DESCRIPTION OF THE TASK >> Which lines run from the one containing "Center right picture" through the end of the data? Write them out exactly, with the pictures left out.
[GIVEN DATA — start]
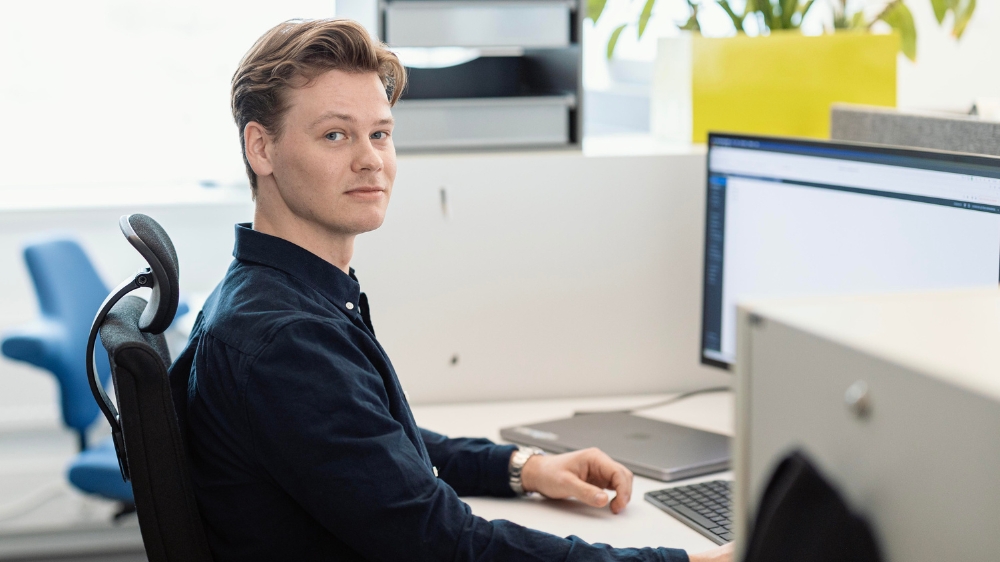 Christian sitter foran PC på kontoret. 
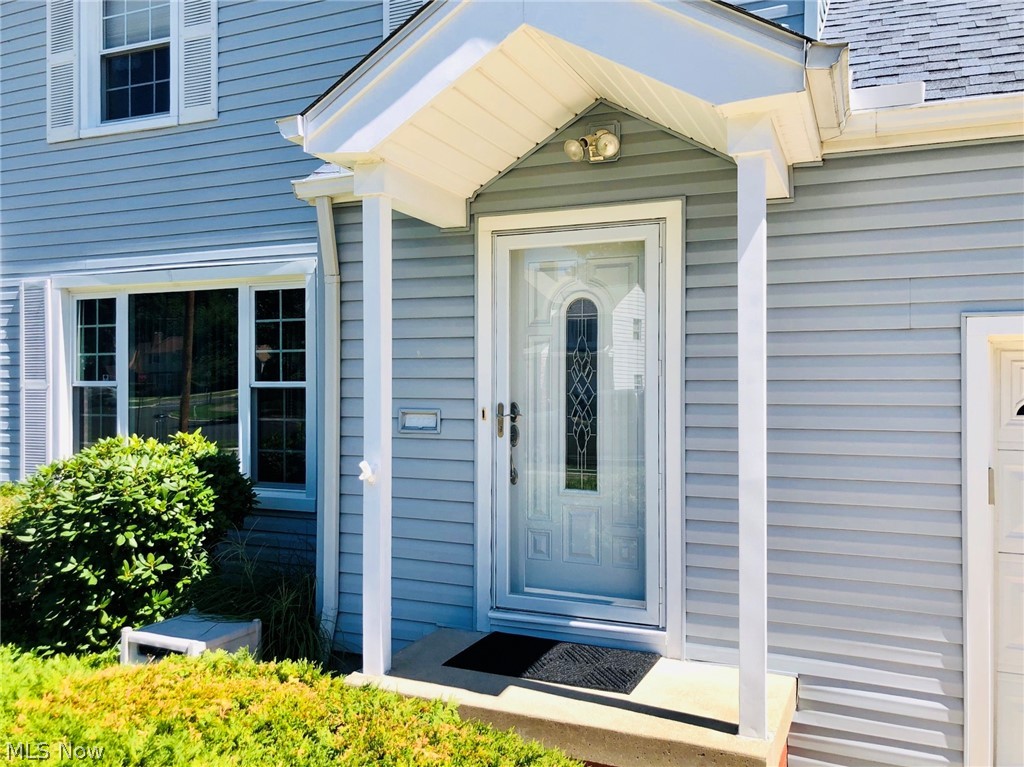 1375 Grantleigh Road Cleveland, OH 44121 - Photo 2 of 2 Inviting front door and porch. Brand new door, storm door, and hardware! Very nice!
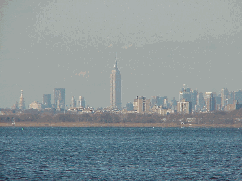 Center right picture you see the skyline of NYC as seen from Rockaway Beach.  In the center you see the Empire State Building.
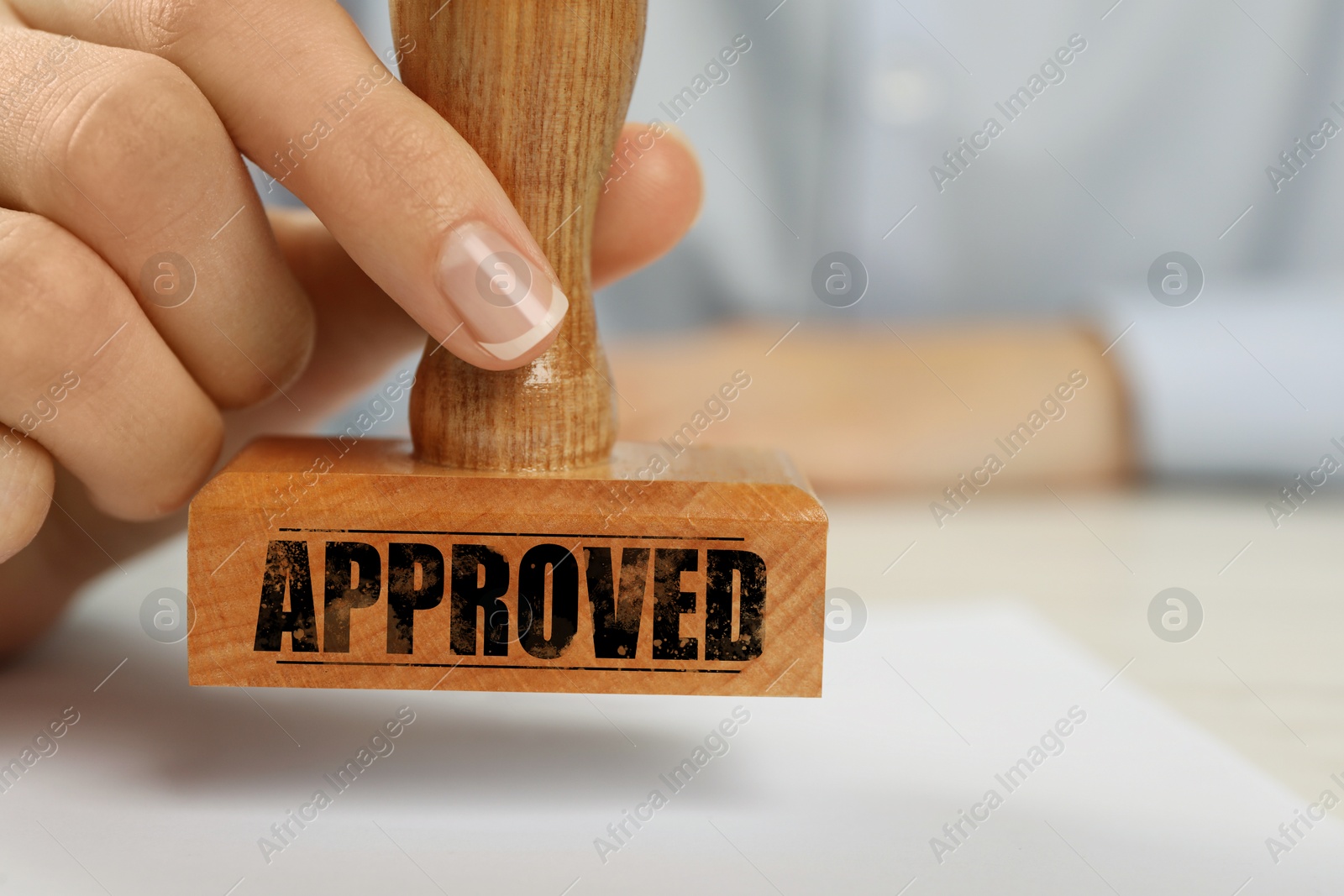 Approved. Woman stamping blank sheet of paper at table, closeup Image of Approved. Woman stamping blank sheet of paper at table, closeup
[GIVEN DATA — finish]
YOUR SOLUTION >>
 Center right picture you see the skyline of NYC as seen from Rockaway Beach.  In the center you see the Empire State Building.
 Approved. Woman stamping blank sheet of paper at table, closeup Image of Approved. Woman stamping blank sheet of paper at table, closeup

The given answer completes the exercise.